MARIN Tests Floating Mega Island Concept

R&D

MARIN (Maritime Research Institute Netherlands) has tested an innovative concept for a floating mega island that could provide future-proof living and working space at sea for developing, generating, storing, and maintaining renewable energy, including offshore wind.

Image source: MARIN

The island comprises 87 large floating triangles that are flexibility connected to one another. Together they form a flexible floating island that can be as large as 1km to 5km in cross-section.
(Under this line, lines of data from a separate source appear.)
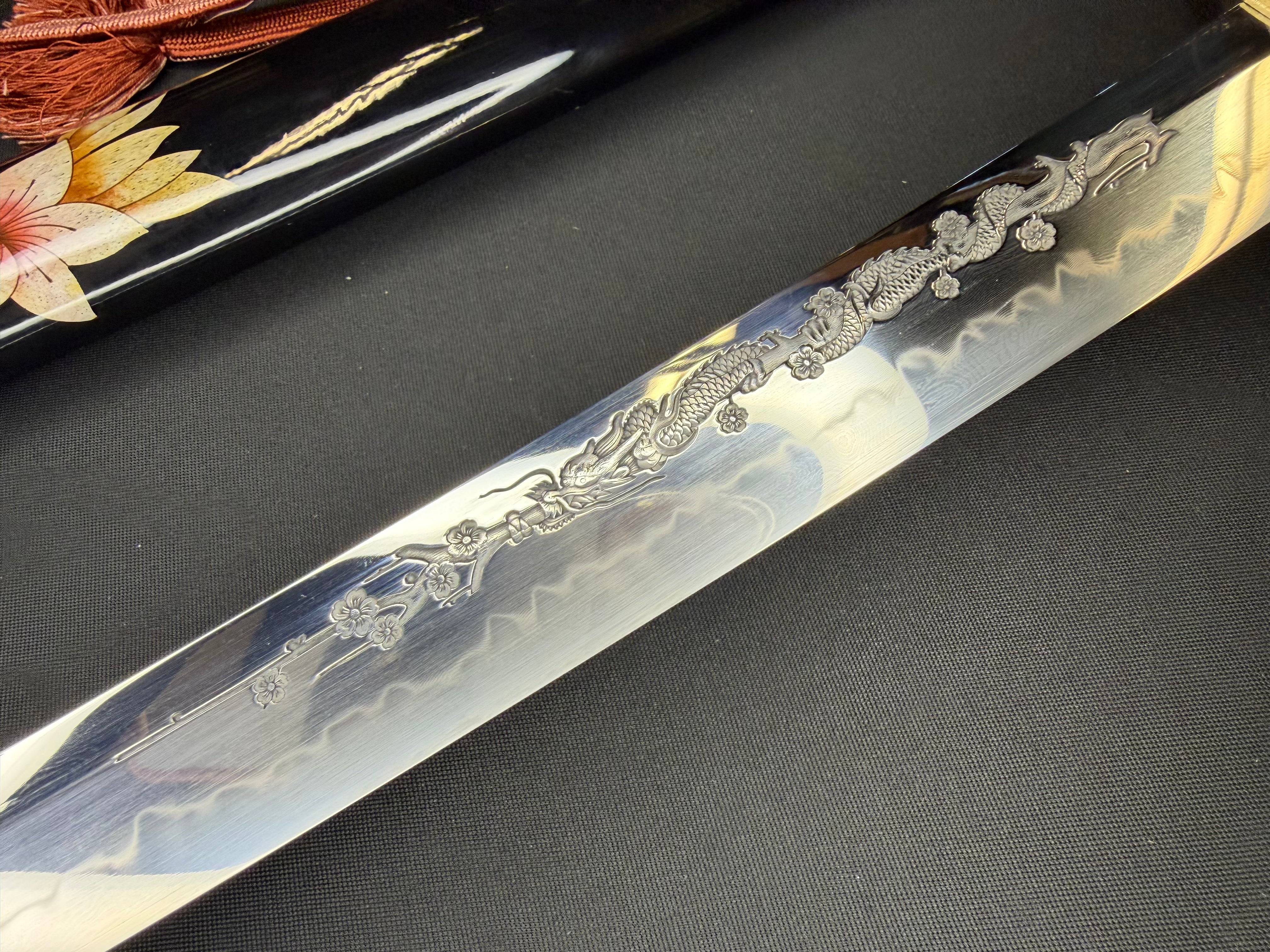 Phoenix Armory Craftsman Elite Katana - Blood Corolla Folded Self-smelted Steel Horimono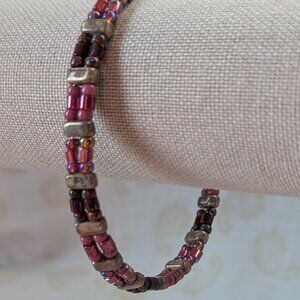 Rose and Garnet Double-Strand Memory Wire Bracelet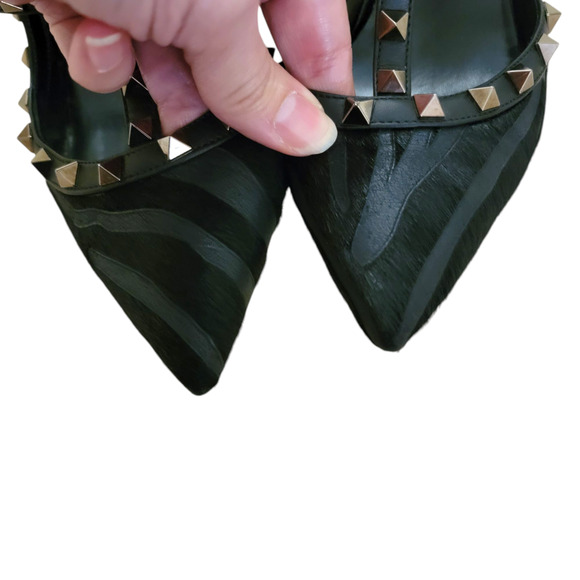 Valentino Rockstud Black Leather Zebra Calf Hair Ankle Strap Pumps Heels 39 9 - Picture 7 of 12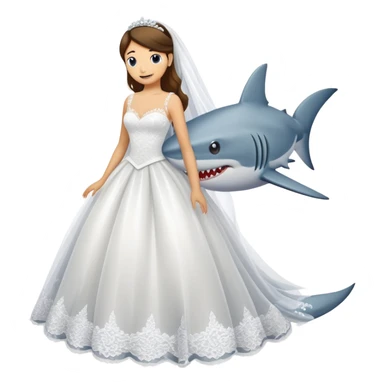 Shark with a wedding dress  sticker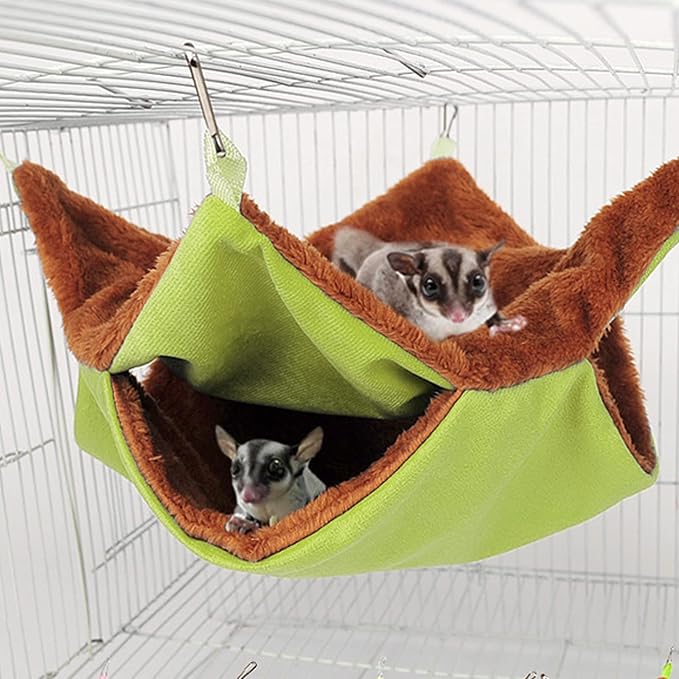 Pet Cage Hammock, Bunkbed Hanging Hammock for Small Animal Hideout - Sugar Glider, Ferret, Squirrel, Guinea Pig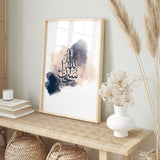 Navy Blue & Peach Subhanallah Arabic Calligraphy Islamic Wall Art Print With Watercolour Paint Brush Detail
Olaf Waals, project manager and the concept developer: “As sea level rises, cities become overcrowded and more activities are carried out at sea, raising the dikes and reclaiming land from the seas are perhaps no longer an effective solution. An innovative alternative that fits with the Dutch maritime tradition is floating ports and cities.”

Image source: MARIN

The floating islands could also be suitable for use with loading and transshipping cargo in coastal areas where there is little infrastructure, for cultivating food, such as seaweed and fish, and building houses and recreation close to the water.

These types of solutions are part of the Blue Future in which the seas and oceans (70% of the earth’s surface area) are used sustainably, MARIN stated.

MARIN is carrying out this research using computer simulations and model tests in its Offshore Basin (40 x 40 m) in which wind, waves and currents can be simulated at scale.